> Task requirements
Could the data below be printed out exactly, with the pictures left out?

START Data provided

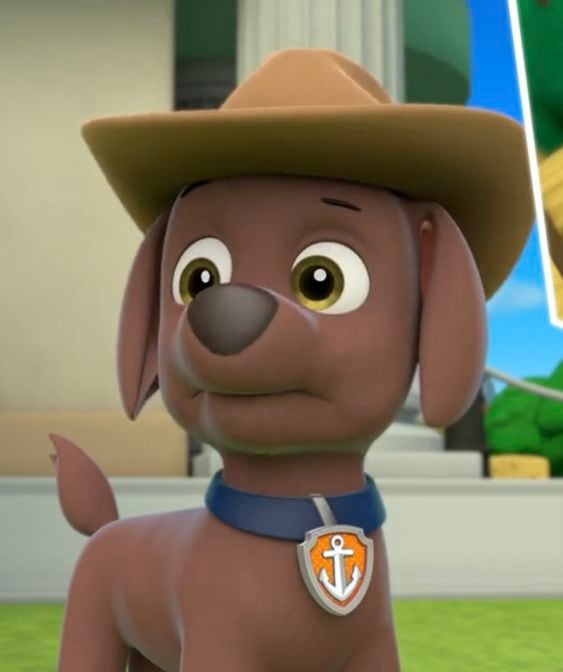 ¿Qué raza es Zuma de Paw Patrol?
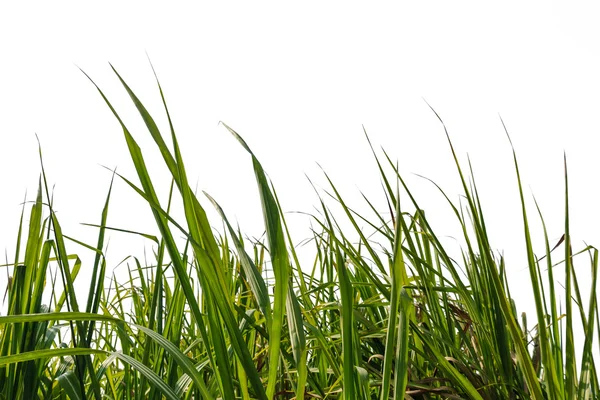 Beyaz bir arka plan üzerinde şeker kamışı yaprak ile izole 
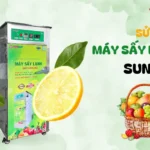 Thiết kế nhà máy sấy trái cây với quy mô khởi nghiệp: Tối ưu chi phí, tối đa lợi nhuận Sử dụng máy sấy lạnh để sản xuất thực phẩm sạch và an toàn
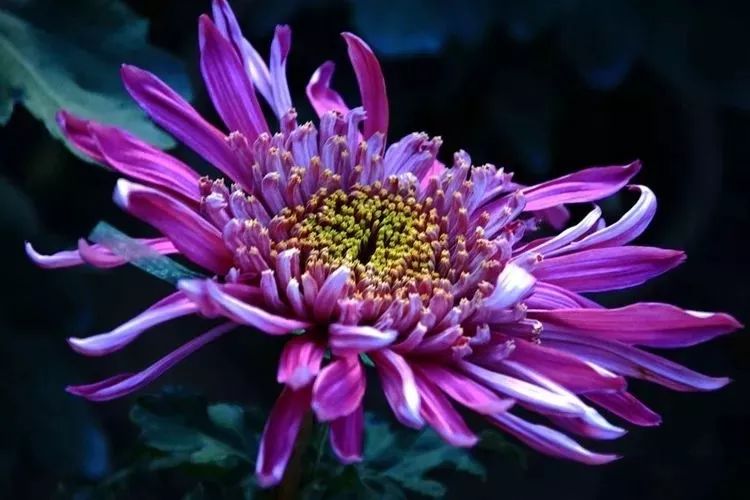 花中四君子菊花国画用笔,花中四君子菊花高清图片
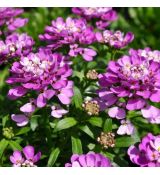 Iberis sempervirens ´Absolutely Amethyst´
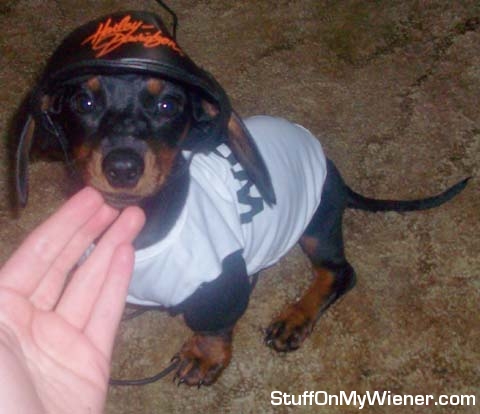 Little man and his first Harley.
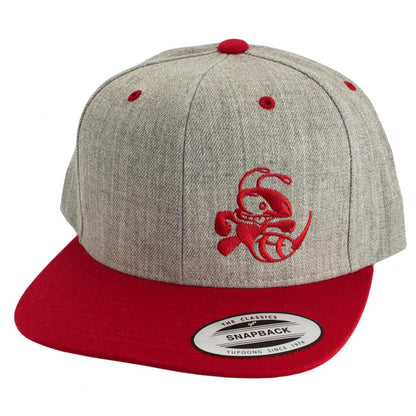 Discraft Two Tone Snapback Hat - Buzzz Design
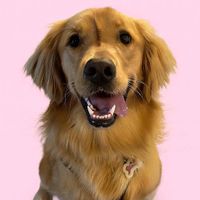 Zoey Zipper Nose profile picture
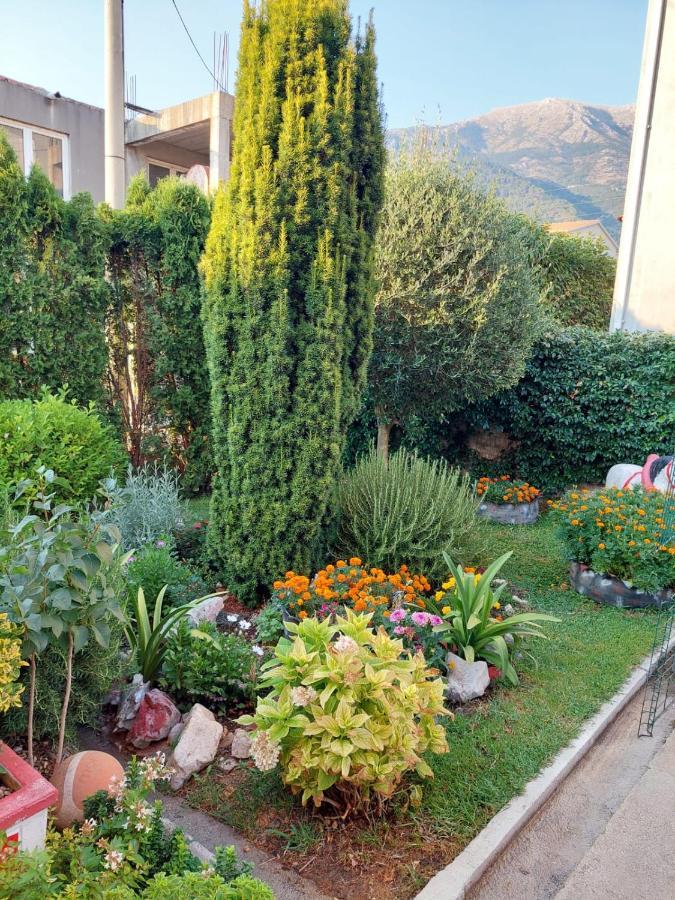 Green Oasis Apartman Kotor Kültér fotó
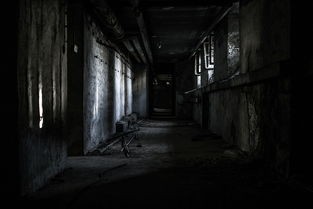 (龙珠神龙骑士)神骑世界龙珠，融合东方元素与西方奇幻的奇幻之旅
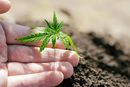 A férfi a külföldről magával hozott, 4 darab kannabisz növényi magot nagybánhegyesi lakóhelyén, cserepekben elültette, a kikelő növényeket szekrényben helyezte el, amelyben a fejlődéshez szükséges feltételeket biztosította. A kép illusztráció. Kép: iStock A férfi a külföldről magával hozott, 4 darab kannabisz növényi magot nagybánhegyesi lakóhelyén, cserepekben elültette, a kikelő növényeket szekrényben helyezte el, amelyben a fejlődéshez szükséges feltételeket biztosította. A kép illusztráció. Kép: iStock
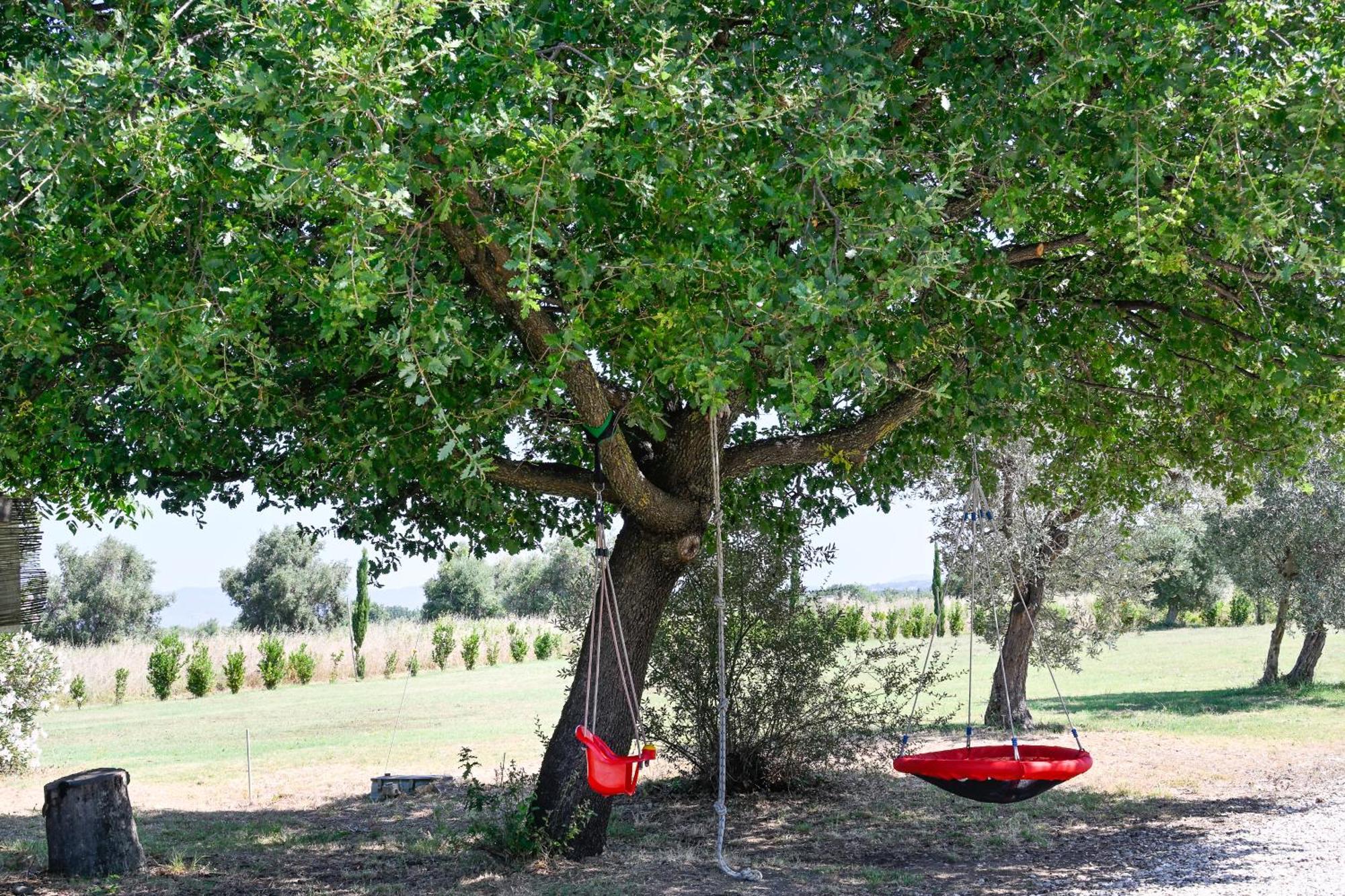 Podere Campo Alle Serpi Bibbona Dış mekan fotoğraf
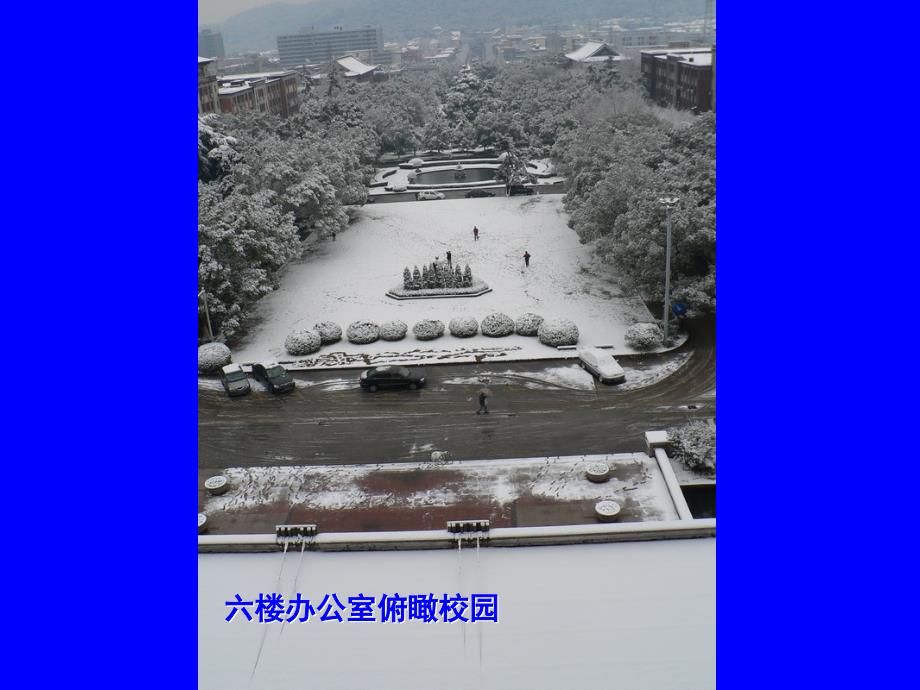 浙大雪景之一_第2页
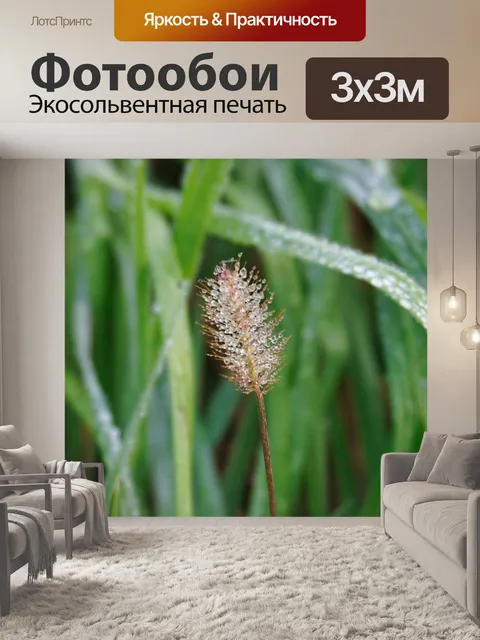 Фотообои Луг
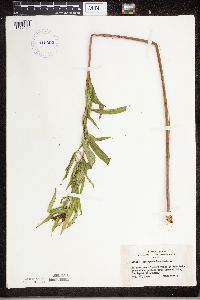 Asclepias incarnata image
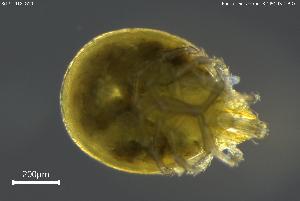  ( - BGPT_018_G10)  @11 [ ] Creative Commons Attribution NonCommercial ShareAlike (2025) (2025) Research Center in Biodiversity and Genetic Resources Research Center in Biodiversity and Genetic Resources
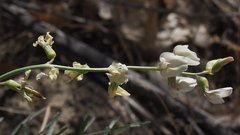 Astragalus pachypus jaegeri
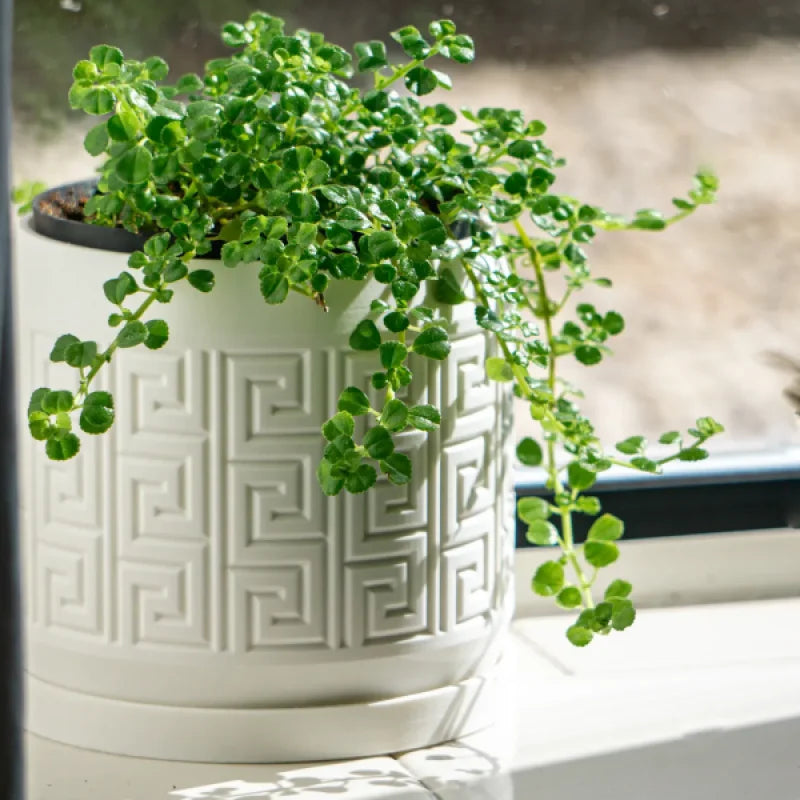 Aztec Pattern Debossed Planter Pot with Drainage Holes Drip Tray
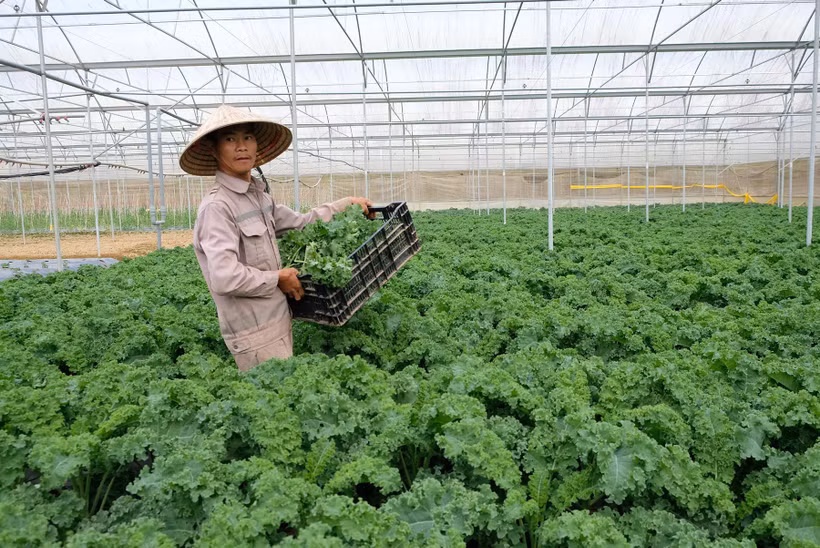 工人们正在采摘蔬菜，提供给林同省单阳县的蔬菜工厂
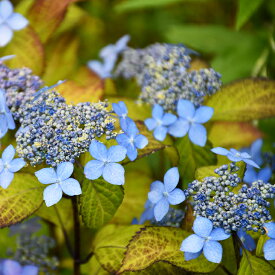楽天市場 アジサイ 山紫陽花 苗 黒姫の通販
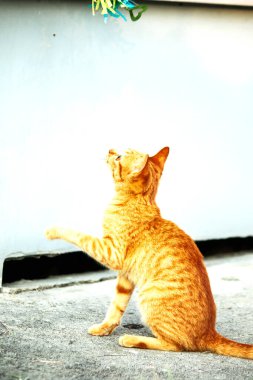 Turuncu kediler avlanma içgüdülerini canlandırmak için kurdele ya da iplik gibi nesnelerle oynarlar..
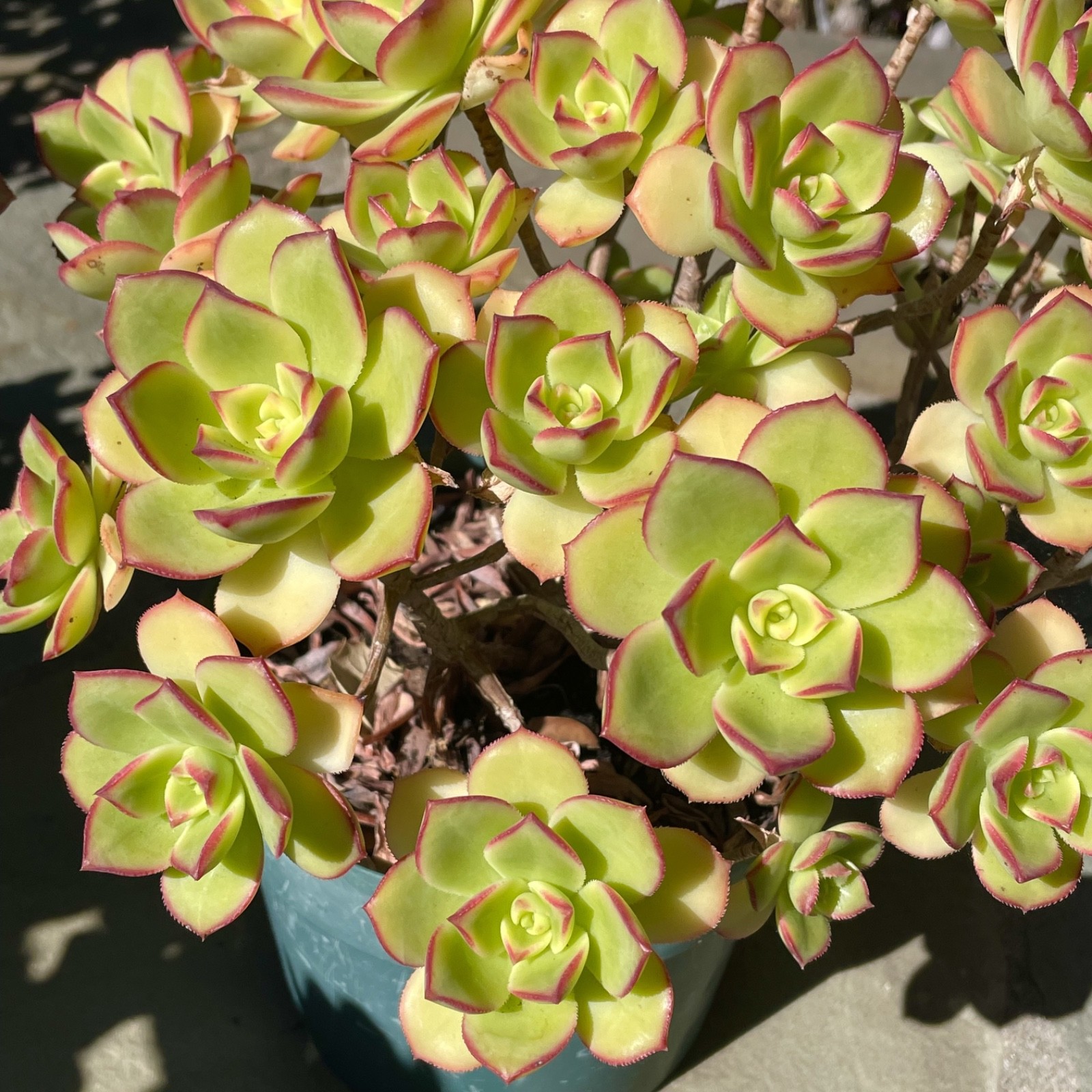 Rare Aeonium Kiwi Variegated Succulent Live Plant Unrooted Cutting 2-3 Inches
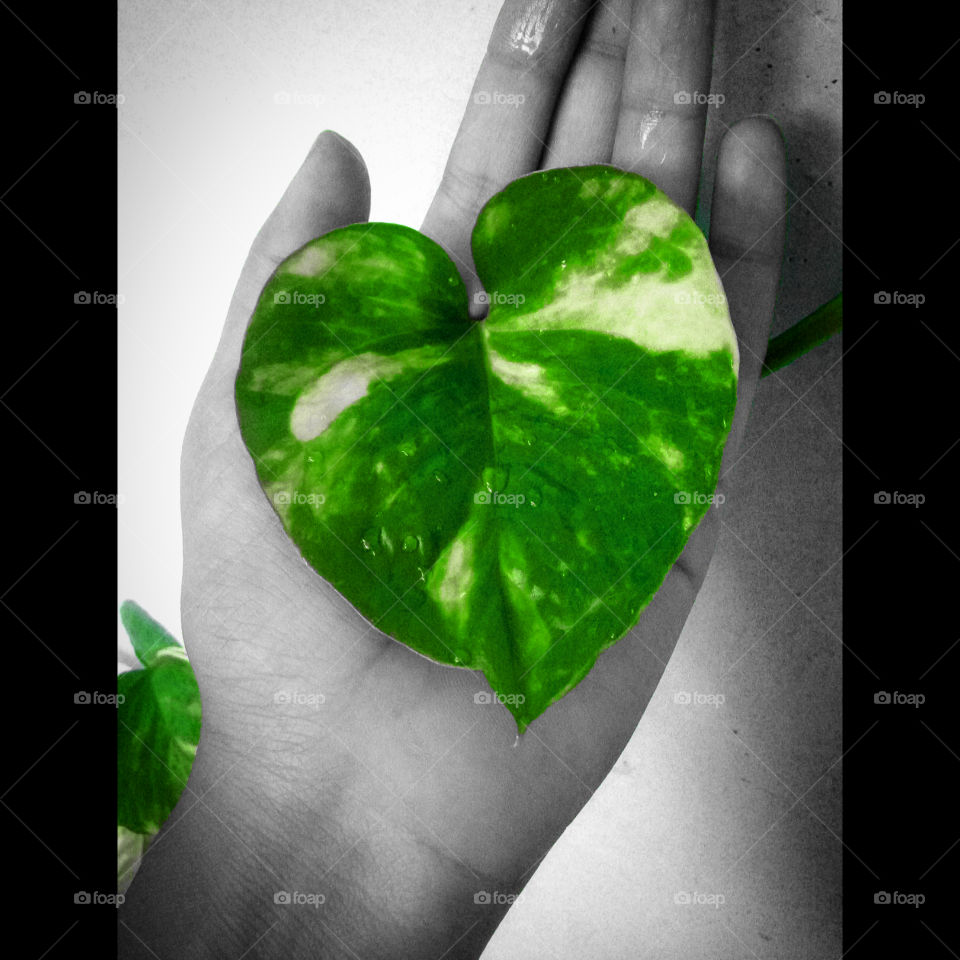 Without sunlight leaf converts in this phase.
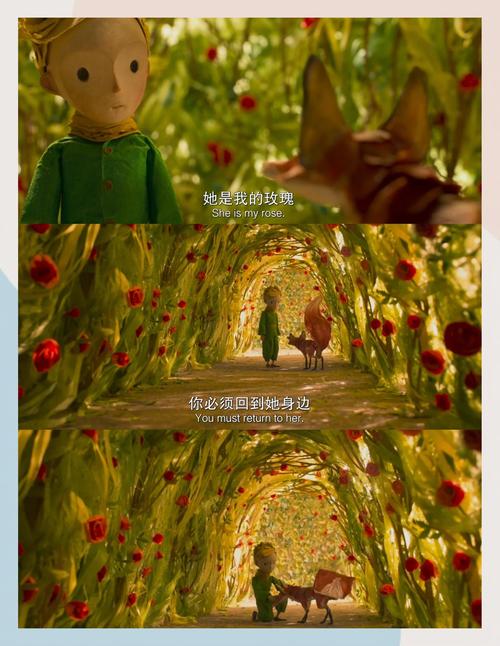 欧美熟妇一区二区三区仙踪林的相关介绍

END Data provided

> Result for this exercise
 ¿Qué raza es Zuma de Paw Patrol?
 Beyaz bir arka plan üzerinde şeker kamışı yaprak ile izole 
 Thiết kế nhà máy sấy trái cây với quy mô khởi nghiệp: Tối ưu chi phí, tối đa lợi nhuận Sử dụng máy sấy lạnh để sản xuất thực phẩm sạch và an toàn
 花中四君子菊花国画用笔,花中四君子菊花高清图片
 Iberis sempervirens ´Absolutely Amethyst´
 Little man and his first Harley.
 Discraft Two Tone Snapback Hat - Buzzz Design
 Zoey Zipper Nose profile picture
 Green Oasis Apartman Kotor Kültér fotó
 (龙珠神龙骑士)神骑世界龙珠，融合东方元素与西方奇幻的奇幻之旅
 A férfi a külföldről magával hozott, 4 darab kannabisz növényi magot nagybánhegyesi lakóhelyén, cserepekben elültette, a kikelő növényeket szekrényben helyezte el, amelyben a fejlődéshez szükséges feltételeket biztosította. A kép illusztráció. Kép: iStock A férfi a külföldről magával hozott, 4 darab kannabisz növényi magot nagybánhegyesi lakóhelyén, cserepekben elültette, a kikelő növényeket szekrényben helyezte el, amelyben a fejlődéshez szükséges feltételeket biztosította. A kép illusztráció. Kép: iStock
 Podere Campo Alle Serpi Bibbona Dış mekan fotoğraf
 浙大雪景之一_第2页
 Фотообои Луг
 Asclepias incarnata image
  ( - BGPT_018_G10)  @11 [ ] Creative Commons Attribution NonCommercial ShareAlike (2025) (2025) Research Center in Biodiversity and Genetic Resources Research Center in Biodiversity and Genetic Resources
 Astragalus pachypus jaegeri
 Aztec Pattern Debossed Planter Pot with Drainage Holes Drip Tray
 工人们正在采摘蔬菜，提供给林同省单阳县的蔬菜工厂
楽天市場 アジサイ 山紫陽花 苗 黒姫の通販
 Turuncu kediler avlanma içgüdülerini canlandırmak için kurdele ya da iplik gibi nesnelerle oynarlar..
 Rare Aeonium Kiwi Variegated Succulent Live Plant Unrooted Cutting 2-3 Inches
 Without sunlight leaf converts in this phase.
 欧美熟妇一区二区三区仙踪林的相关介绍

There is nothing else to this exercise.